The selection rules for symmetric top molecules are
$\Delta J = 0, \pm1$ and $\Delta K = 0$ for $K \neq 0$ (parallel transition)
$\Delta J = \pm1$ and $\Delta K = 0$ for $K = 0$ (parallel transition)
$\Delta J = 0, \pm1$ and $\Delta K = \pm1$ for $K = 0$ (perpendical transition)
My question concerns the possibility of a $\Delta J=0$ transition. For example, the only way how $\Delta J =0$ is possible for linear molecules is with degenerate normal modes (e.g. $\ce{CO2}$ bend), as these can "evolve" into one another and give rise to vibrational angular momentum, which ensures that conservation of angular momentum can still hold regardless of $\Delta J$.

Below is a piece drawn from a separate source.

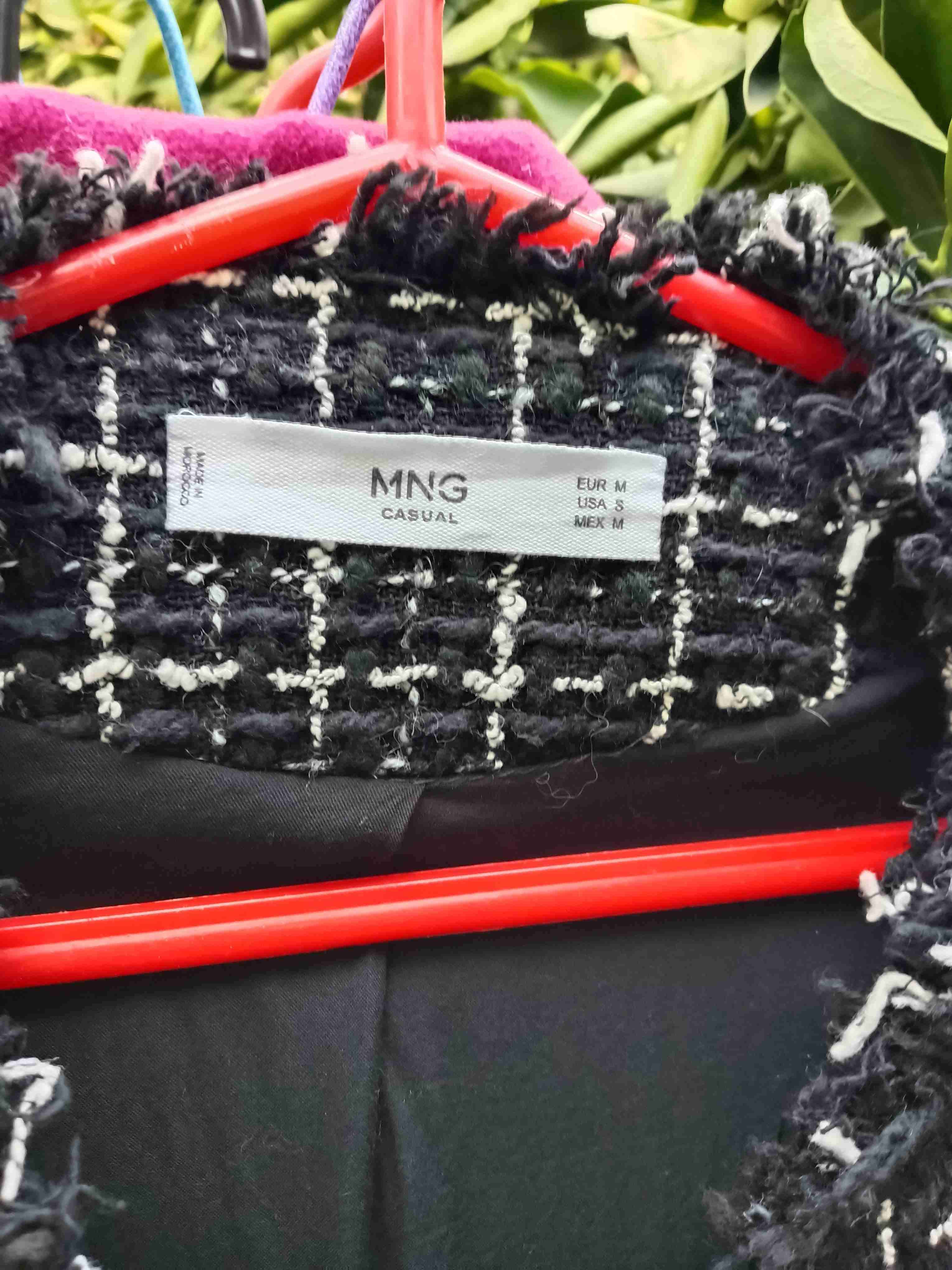 Abrigo tweed blanco y negro Mango - miniatura 4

The fact that $\Delta J =0$ is allowed for all transitions of symmetric tops means that there is vibrational angular momentum associated with all of them. My questions are:
- What is the origin of vibrational angular momentum if the normal modes involved are not degenerate? Can you help me visualise it, for example for the $\ce{C-Cl}$ stretch of $\ce{CH3Cl}$ (a parallel non-degenerate transition)?
- Why is the selection rule different for $K=0$ and $K\neq0$?